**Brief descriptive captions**
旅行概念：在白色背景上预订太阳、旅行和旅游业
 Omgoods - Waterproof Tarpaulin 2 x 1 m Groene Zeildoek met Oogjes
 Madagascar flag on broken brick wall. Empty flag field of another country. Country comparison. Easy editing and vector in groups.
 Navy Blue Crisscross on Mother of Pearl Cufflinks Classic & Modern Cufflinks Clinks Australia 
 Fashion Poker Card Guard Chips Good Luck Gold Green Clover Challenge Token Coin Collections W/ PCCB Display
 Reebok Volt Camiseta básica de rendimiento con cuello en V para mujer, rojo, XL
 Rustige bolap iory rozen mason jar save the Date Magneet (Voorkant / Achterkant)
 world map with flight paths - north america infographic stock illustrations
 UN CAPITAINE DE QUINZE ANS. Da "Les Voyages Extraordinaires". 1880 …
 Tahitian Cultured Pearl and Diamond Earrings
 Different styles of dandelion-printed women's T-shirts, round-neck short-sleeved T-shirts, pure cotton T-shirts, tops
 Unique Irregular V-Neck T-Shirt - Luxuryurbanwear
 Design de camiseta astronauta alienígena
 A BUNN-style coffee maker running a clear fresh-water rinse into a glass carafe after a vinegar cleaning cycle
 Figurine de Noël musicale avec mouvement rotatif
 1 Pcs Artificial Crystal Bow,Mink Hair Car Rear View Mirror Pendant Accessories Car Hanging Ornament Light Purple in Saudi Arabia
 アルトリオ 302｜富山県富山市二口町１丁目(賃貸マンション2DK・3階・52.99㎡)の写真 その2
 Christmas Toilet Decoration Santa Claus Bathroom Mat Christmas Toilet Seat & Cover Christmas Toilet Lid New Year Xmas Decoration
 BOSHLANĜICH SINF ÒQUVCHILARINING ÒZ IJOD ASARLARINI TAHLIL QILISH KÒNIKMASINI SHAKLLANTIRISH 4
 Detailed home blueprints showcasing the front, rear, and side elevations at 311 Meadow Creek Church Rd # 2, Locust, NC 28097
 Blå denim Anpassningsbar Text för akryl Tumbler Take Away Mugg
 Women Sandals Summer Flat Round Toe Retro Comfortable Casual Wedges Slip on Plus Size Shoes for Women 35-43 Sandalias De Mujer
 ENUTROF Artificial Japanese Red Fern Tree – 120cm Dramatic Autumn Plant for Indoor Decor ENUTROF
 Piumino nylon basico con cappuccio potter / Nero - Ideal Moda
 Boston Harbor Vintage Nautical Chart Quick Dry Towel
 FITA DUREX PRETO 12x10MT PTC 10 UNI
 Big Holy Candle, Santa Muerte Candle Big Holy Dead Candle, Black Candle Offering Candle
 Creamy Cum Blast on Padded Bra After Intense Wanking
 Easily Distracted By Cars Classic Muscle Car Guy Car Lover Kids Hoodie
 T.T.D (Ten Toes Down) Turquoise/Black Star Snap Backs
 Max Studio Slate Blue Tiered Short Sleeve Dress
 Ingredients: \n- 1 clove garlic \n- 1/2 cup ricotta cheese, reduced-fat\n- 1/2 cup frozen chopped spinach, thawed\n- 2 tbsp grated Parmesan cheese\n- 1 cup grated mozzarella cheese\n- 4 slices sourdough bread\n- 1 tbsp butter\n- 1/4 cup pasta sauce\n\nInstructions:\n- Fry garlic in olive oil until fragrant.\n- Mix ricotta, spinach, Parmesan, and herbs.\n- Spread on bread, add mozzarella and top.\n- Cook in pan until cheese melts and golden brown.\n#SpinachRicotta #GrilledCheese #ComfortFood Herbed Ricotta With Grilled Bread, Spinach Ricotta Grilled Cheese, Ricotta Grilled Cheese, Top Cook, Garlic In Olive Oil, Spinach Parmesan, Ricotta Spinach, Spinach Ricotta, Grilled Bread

**What the exercise asks**
Return only the number of lines above that include the word "Santa".

**Solution below**
2